第62話

 ウィンドウショッピングならぬUSBショッピングは明日やるとして、まずは図鑑機能のチェックだ。


「どうやって使うかだなぁ」

「そういうのは書いてないと?」


 書いてない!

 中途半端に不親切なんだよこの図鑑。レベルが上がって詳細説明が『高』とかになると変わるのだろうか。
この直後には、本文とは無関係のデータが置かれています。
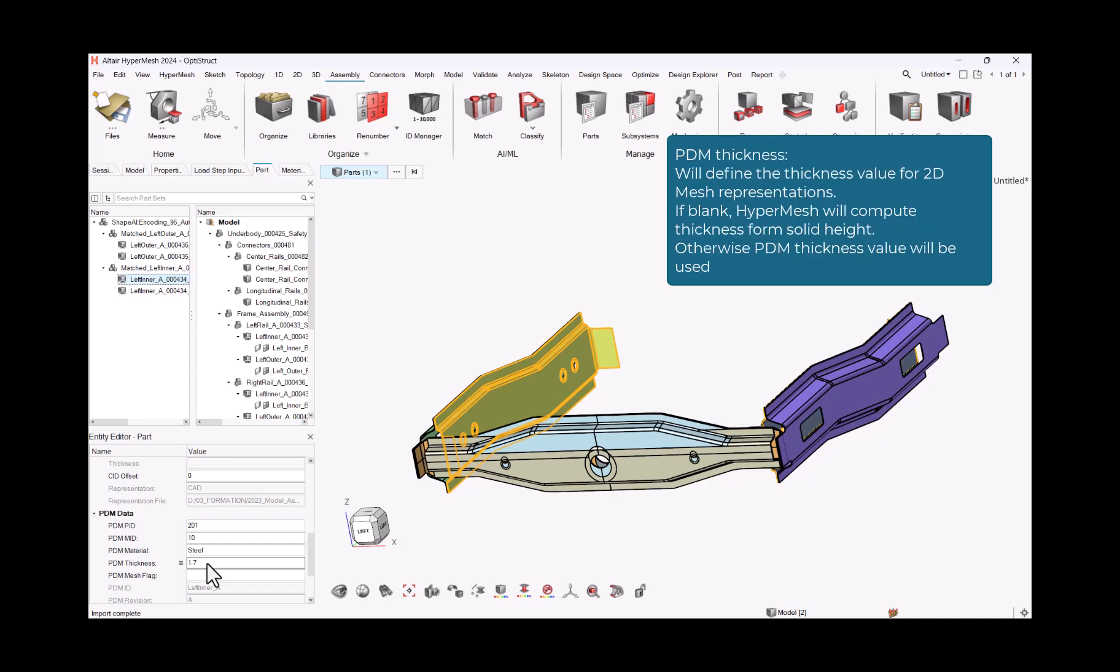PDM Thickness will define the thickness value for 2D mesh representations. If blank, HyperMesh will compute thickness form solid height. Otherwise PDM Thickness value will be used.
「地図上の任意ってあるから、地図ページで何かするんだろうけど……」


 試しに地下2階の地図を開いても特に『転移』を設定するテキストなどは無い。どうするんだろうなぁ――お。


「なるほど。触れるとこうなるのか」

「え? どうなったんですか?」


 地図は持ち主である俺にしか見えない。見えないセリスさんには分からないだろうが、見えていても分からないだろう。

 地図に触れた瞬間、いつものボーカロイドの声が頭に響いて説明を始めた。


【転移したい場所を2回、素早くトントンってしてね】

【同行者が居る場合は、図鑑の持ち主――つまりあなたの体に触れさせてね】


 それだけだ。

 他の階の地図に触っても、もう説明はしてくれない。


「転移したい場所を2回トントンしろだってさ。例のボーカロイドの声でそう説明された」

「トントンですか?」

「あぁ。あと同行者は俺に触ってなきゃいけないらしい」

「あ、浅蔵さんに……さ、触ればいいんですねっ」


 と言って、セリスさんは俺の服をきゅっと握る。


「セリスちゃん。浅蔵さんに触ってなきゃダメなんだよぉ。服じゃダメぇ」

「ダ、ダメなの?」

「ダメダメェ。浅蔵さんの手を、ぎゅ~ってしてなきゃぁ」

「て、手ぇ!?」


 俺の手と自分の手を交互に見つめ、セリスさんお顔は真っ赤になっている。

 異性と手を繋ぐって、恥ずかしいよね。

 まぁ検証するには良いと思う。


「服でいいよ。それで同行者認定されるかどうか、確かめるのも有だからね」

「え……そ、そう……ですか」

「ん? 手の方が良い?」


 と、俺は冗談めかして言ってみる。


「はぃ……あっ。はい、ふ、服握ってます」


 うん? 今の『はい』はどっちの意味のはいなんだろう。ま、まぁいいや。


「じゃあちょっと行って来るよ」

「瑠璃は寝ててね」

「うん~。夜のデート、行ってらっしゃ~い」

「る、瑠璃!?」

「ははは。行って来るよ」


 もし、1日に1度しか使えない――なんてことが無い様に、帰りの事も考えて2階に転移しよう。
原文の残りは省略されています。